**Required action**
From the entries below, please output exactly the lines starting at the one containing "A guest house" and ending at the one containing "A selection of textured and printed rugs", both included.

**Web page caption snippets**
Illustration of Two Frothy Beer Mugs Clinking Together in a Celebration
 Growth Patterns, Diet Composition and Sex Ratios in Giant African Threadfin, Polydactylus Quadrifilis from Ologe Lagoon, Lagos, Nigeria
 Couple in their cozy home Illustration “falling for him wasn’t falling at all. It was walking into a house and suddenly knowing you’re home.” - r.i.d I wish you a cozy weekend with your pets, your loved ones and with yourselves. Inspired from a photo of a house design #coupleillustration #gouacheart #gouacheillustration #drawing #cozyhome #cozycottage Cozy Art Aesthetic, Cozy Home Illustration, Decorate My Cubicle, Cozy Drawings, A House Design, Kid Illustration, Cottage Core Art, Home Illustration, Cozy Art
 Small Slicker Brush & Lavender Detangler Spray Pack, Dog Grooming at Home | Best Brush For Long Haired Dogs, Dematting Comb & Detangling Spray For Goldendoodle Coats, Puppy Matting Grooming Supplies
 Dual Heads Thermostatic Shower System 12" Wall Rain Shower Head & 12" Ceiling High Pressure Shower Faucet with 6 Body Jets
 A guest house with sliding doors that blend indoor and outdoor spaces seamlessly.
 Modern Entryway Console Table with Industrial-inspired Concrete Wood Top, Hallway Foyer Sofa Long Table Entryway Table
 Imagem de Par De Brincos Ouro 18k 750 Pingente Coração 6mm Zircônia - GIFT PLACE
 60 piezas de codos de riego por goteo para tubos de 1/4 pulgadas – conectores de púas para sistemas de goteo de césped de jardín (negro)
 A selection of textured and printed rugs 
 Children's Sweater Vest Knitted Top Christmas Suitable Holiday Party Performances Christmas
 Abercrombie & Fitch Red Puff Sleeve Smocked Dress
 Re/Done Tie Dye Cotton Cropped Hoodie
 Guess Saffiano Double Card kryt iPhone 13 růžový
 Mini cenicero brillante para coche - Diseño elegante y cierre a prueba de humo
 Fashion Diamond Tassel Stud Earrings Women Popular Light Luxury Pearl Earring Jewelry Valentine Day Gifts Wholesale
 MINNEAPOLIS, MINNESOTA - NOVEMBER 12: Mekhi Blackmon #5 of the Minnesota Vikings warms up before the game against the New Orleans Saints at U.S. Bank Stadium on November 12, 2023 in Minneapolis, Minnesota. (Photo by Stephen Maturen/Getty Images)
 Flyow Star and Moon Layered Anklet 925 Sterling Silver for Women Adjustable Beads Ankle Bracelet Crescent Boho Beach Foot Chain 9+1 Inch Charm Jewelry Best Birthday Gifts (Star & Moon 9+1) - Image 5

**Written reply**
 A guest house with sliding doors that blend indoor and outdoor spaces seamlessly.
 Modern Entryway Console Table with Industrial-inspired Concrete Wood Top, Hallway Foyer Sofa Long Table Entryway Table
 Imagem de Par De Brincos Ouro 18k 750 Pingente Coração 6mm Zircônia - GIFT PLACE
 60 piezas de codos de riego por goteo para tubos de 1/4 pulgadas – conectores de púas para sistemas de goteo de césped de jardín (negro)
 A selection of textured and printed rugs 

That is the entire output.